On Fri, Mar 23, 2007 at 07:00:46PM +1100, Neil Brown wrote:
> On Friday March 23, tes@xxxxxxx wrote:
> > >
> > > I think this test should just be removed and the xfs_barrier_test
> > > should be the main mechanism for seeing if barriers work.
> > >
> > Oh okay.
> > This is all Christoph's (hch) code, so it would be good for him to comment
> > here.
> > The external log and readonly tests can stay though.
> >
>
> Why no barriers on an external log device??? Not important, just
> curious.
because we need to synchronize across 2 devices, not one, so issuing
barriers on an external log device does nothing to order the metadata
written to the other device...
> > > This is particularly important for md/raid1 as it is quite possible
> > > that barriers will be supported at first, but after a failure and
> > > different device on a different controller could be swapped in that
> > > does not support barriers.
> > >
> >
> > Oh okay, I see. And then later one that supported them can be swapped back
> > in?
> > So the other FSs are doing a sync'ed write out and then if there is an
> > EOPNOTSUPP they retry and disable barrier support henceforth?

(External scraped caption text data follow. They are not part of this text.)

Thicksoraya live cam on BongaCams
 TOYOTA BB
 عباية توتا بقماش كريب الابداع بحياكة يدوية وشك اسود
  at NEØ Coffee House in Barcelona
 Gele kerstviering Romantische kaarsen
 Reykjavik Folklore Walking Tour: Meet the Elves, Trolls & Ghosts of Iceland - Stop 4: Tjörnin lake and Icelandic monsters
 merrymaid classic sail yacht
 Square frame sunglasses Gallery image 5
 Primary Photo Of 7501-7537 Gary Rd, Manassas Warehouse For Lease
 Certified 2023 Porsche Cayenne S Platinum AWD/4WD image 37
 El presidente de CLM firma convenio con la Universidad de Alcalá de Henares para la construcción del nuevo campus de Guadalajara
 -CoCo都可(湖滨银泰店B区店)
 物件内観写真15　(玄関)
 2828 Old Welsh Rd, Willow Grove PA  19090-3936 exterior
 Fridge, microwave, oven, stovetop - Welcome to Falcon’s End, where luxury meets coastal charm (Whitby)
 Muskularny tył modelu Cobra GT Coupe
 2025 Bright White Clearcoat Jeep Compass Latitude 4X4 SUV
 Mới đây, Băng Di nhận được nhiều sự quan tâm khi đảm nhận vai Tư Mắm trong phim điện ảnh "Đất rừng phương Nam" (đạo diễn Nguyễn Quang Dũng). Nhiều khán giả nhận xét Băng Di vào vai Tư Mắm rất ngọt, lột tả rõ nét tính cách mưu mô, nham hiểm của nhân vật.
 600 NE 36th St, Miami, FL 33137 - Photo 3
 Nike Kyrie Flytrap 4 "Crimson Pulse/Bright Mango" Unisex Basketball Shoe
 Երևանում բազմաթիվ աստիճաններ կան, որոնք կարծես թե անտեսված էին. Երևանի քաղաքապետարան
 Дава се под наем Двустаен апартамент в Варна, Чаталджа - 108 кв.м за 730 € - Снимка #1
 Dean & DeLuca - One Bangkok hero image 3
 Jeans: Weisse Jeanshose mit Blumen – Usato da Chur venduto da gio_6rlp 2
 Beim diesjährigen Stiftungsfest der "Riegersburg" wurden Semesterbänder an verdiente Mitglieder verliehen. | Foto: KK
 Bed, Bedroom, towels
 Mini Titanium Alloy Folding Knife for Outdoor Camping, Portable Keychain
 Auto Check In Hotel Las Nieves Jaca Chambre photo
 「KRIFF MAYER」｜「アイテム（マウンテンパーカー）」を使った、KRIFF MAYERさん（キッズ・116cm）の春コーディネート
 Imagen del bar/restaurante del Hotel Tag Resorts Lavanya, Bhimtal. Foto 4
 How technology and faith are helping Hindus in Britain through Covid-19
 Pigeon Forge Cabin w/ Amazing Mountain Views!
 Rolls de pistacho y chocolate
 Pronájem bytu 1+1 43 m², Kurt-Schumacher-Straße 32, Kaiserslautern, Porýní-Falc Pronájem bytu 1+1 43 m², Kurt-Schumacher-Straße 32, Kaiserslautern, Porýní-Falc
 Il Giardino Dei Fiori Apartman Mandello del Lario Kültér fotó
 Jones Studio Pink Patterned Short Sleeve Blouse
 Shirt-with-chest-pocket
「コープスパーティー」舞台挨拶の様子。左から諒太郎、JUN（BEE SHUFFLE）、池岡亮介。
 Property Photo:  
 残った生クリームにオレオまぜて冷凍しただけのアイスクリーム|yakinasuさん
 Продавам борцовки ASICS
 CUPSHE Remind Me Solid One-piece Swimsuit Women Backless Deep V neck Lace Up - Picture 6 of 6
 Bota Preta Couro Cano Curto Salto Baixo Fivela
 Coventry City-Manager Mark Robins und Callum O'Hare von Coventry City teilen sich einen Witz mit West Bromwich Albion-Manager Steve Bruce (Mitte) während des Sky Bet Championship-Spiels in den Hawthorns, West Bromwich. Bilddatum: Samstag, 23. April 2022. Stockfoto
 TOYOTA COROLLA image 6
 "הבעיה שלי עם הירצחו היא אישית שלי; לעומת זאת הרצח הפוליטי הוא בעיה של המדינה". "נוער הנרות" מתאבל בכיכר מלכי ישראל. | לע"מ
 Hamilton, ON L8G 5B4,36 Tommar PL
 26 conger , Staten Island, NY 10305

> > Yeah, I guess we could do that in xlog_iodone() on failed completion and
> > retry the write without
> > the ORDERED flag on EOPNOTSUPP error case (and turn off the flag).
> > Dave (dgc) can you see a problem with that?
>
> If an md/raid1 disables barriers and subsequently is restored to a
> state where all drives support barriers, it currently does *not*
> re-enable them device-wide. This would probably be quite easy to
> achieve, but as no existing filesystem would ever try barriers
> again.....
And this is exactly why I think we need a block->fs communications
channel for these sorts of things. Think of something like the CPU
hotplug notifier mechanisms as a rough example framework....
Cheers,
Dave.
--
Dave Chinner
Principal Engineer
SGI Australian Software Group
|